Oral Presentation NCGRT/IAH Australasian Groundwater Conference 2019

Monitoring groundwater extraction impacts within multi-level sandstone aquifers near World Heritage Blue Mountains National Park, west of Sydney (226)

Richard T. Green 1 , Greg Russell 1 , Chris Rumpf 2
  1. NSW Department of Industry, Water, Parramatta, NSW, Australia
  2. NSW Department of Industry, Water, Grafton, NSW, Australia

For more than 20 years the NSW government has monitored groundwater conditions at keys sites across the Blue Mountains to address increased urbanisation and demands on groundwater use close to sensitive environments. The Blue Mountains sandstone aquifers located approximately 50 kilometres from the city form a plateau that rises up to over 1,000 m above the coastal plain. There are small urban areas which surrounded by National Park that occurs along a major transport route linking Sydney to western New South Wales.

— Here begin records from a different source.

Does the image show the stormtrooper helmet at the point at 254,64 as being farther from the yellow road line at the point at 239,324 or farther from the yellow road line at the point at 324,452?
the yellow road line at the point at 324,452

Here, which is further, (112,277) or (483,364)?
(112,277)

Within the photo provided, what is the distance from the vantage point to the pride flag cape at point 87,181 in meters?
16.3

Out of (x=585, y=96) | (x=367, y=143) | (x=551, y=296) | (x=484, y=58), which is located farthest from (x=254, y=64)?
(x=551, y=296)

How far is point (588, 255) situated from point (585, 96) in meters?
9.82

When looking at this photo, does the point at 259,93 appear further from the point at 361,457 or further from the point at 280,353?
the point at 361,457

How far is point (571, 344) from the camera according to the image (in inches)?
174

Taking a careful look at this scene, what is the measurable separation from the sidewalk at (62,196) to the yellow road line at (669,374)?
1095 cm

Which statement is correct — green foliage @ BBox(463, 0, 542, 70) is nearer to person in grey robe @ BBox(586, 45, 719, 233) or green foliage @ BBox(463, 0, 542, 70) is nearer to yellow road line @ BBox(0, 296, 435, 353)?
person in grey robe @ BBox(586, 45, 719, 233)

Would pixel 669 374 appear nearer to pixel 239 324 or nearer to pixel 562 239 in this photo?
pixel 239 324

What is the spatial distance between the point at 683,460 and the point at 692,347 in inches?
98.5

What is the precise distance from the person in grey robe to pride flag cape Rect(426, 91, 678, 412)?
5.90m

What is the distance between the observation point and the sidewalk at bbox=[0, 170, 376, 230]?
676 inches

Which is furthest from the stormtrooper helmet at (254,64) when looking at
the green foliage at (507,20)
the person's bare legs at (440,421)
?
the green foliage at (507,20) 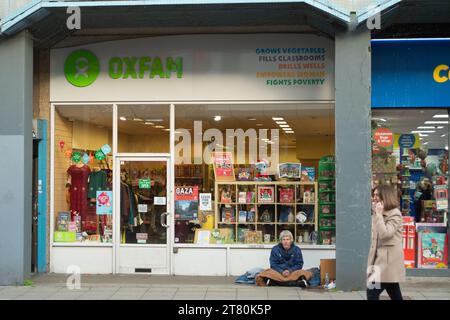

There are dominant spectacular cliffs, canyons and waterfalls made up of Triassic aged Narrabeen Group and Hawkesbury Sandstone geology and geomorphology. These make up a series of multiple porous rock aquifers at different levels. The sandstones cover an area of about 3,238 km² of which 2,375 km² is National Park, and are part of the broader Blue Mountains World Heritage Area. The shallow and intermediate aquifers are considered critical to spring flow and to stream baseflow in the upper plateau rivers.  Groundwater has been shown to support hanging valley communities particularly in the upper Blue Mountains near Katoomba.

The NSW government manages groundwater across the state of NSW under the Water Management Act 2000 and the gazetted Water Sharing Plan for the Greater Metropolitan Region Groundwater Sources 2011. In support of this management monitoring has been progressively established using automatic groundwater level loggers and a substantial period of record has now been obtained. Hydrogeological investigations in the past have shown that complex multi-layered sandstone aquifers occur within the Blue Mountains Sandstone and there is a high degree of connectivity with surface water systems.

Examples of long term hydrographs and geological cross sections will be presented specific to differing aquifer characteristics. This information is being used to monitor and assist in managing groundwater extraction currently and into the future.